The accumulated total student loan debt in this country is over $1 trillion.

Think about that for a moment.

Our entire national deficit for this year is $1.5 trillion, and the cost of college education alone is two-thirds of our country's entire budget shortfall.

This is staggering.

When you also consider the state of the economy - that there are few jobs for graduates, that the actual quality of education our young people pay through the nose for has eroded, and that countless Americans are now slaves to massive debt simply for trying to get a college education - the notion that the status quo must hold is unconscionable.

Like housing and medicine, education costs went through the roof when government became involved. In the last three decades, the overall inflation rate has increased more than 100%, which means we basically pay double now for everything we buy. This price inflation is an inevitable consequence of printing money out of thin air and devaluing our dollar. But compare this inflation to the rise in the cost of college tuition, which has increased almost 500% in the same amount of time.

This is what happens when we print money out of thin air and couple it with government intervention in education.

When I went to school, we didn't have a federal student loan program, and I was able to work my way through college and medical school because it wasn't so expensive. What has changed? In the name of "helping" students through federal loans, the government has really hurt them in the long run by drastically driving up the overall cost of education and forcing poor and middle class Americans, who are just trying to better their lives, to take on unreasonable debt.

And look what that has given us. Our young people are jobless and saddled with student debt greater than all of the credit card debt of every American combined!

What I plan to do

My budget plan cuts $1 trillion of excessive spending in year one. This is a first major step in getting big government off our backs and allowing the free market to work.

In my budget, Social Security, Medicare, - and yes, student loans - are not cut in any way for those currently receiving such services or for those who will be in the near future. Our economy is not healthy enough, nor are most Americans in a financial position at the moment, for any of these programs to be significantly altered now. But perhaps after balancing our budget during my presidency, reining in the government and easing the regulatory burden placed on the taxpayers - which will result in a more robust economy and new jobs - the price of education and other services will decline because of more free market competition and less government interference. Then, and only then, will we be able to address whether some of these programs are the best way to care for people.

I want to help our students, but I believe we will assist them the most by eventually transitioning student aid away from the inefficient and ineffective federal government and back to local governments and private market-based solutions - which simply work better.

Getting the federal government out of the way will give us better educational opportunities at a better price. The notion that I am somehow "anti-education" is absurd.

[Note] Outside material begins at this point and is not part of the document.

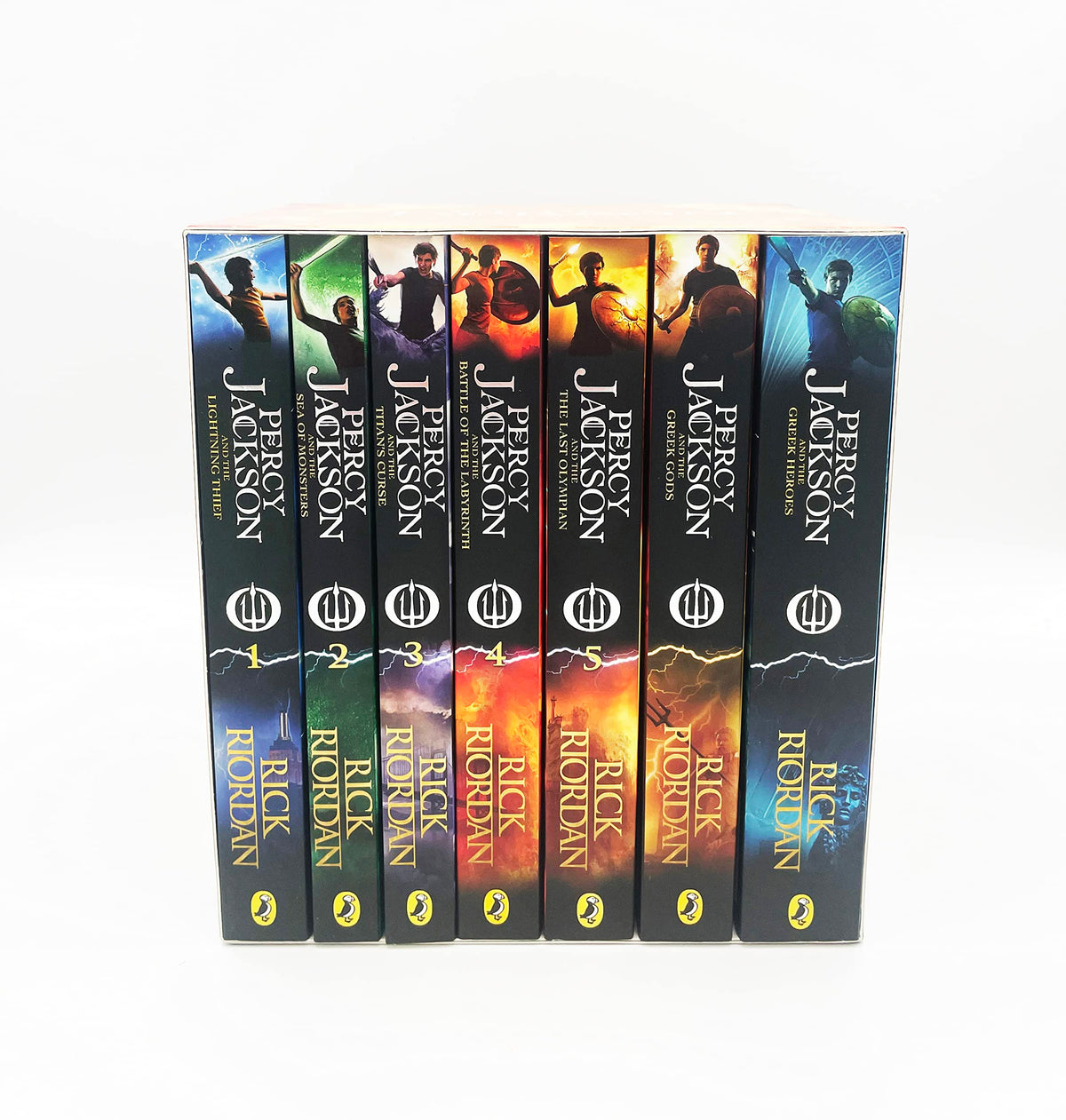 The Essential Percy Jackson Collection (7 Books Set) by Rick Riordan (Lightning Thief, Sea of Monsters, Titan's Curse, Battle of Labyrinth, Last Olympian, Greek Heroes, Greek Gods)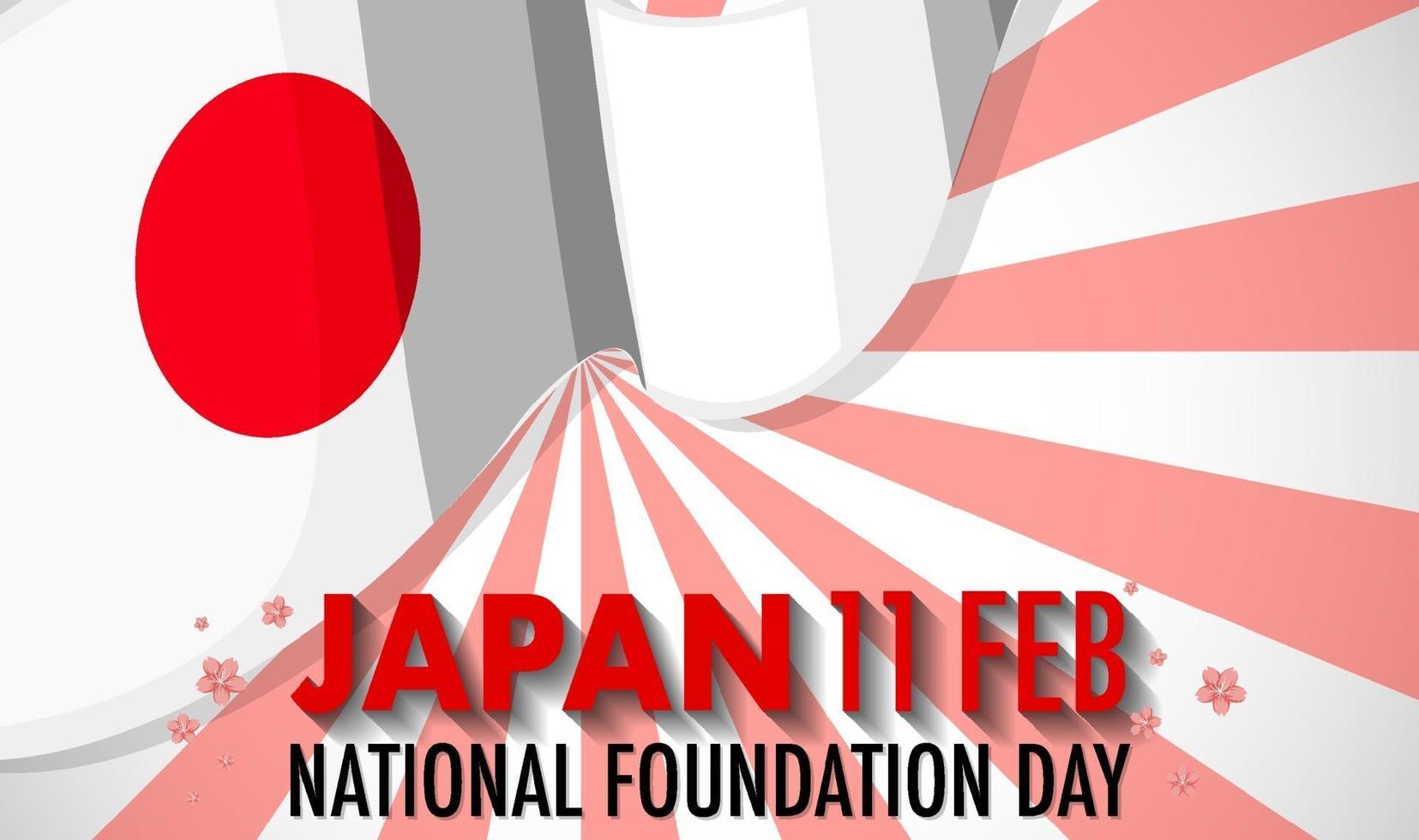 Japan's National Foundation Day banner with Flag of Japan vector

Centralized government planning is the main cause of so many of the challenges we face, and removing that obstacle is the primary way to ultimately fix education in the long term. The sooner we resolve these problems the better, of course, but it is never too soon and certainly never at the expense of Americans' best short-term interests to take serious action now.

As we close in on a $15 trillion national debt, we must start such a government-to-free-market transition right away, and this is certainly something that can be accomplished without harming the average American in the process.

But constantly frightening Americans anytime someone dares to offer serious solutions is the easiest way to make sure there is never any transition, never any real reform, and never any recovery.

Rep. Ron Paul of Texas is seeking the Republican presidential nomination.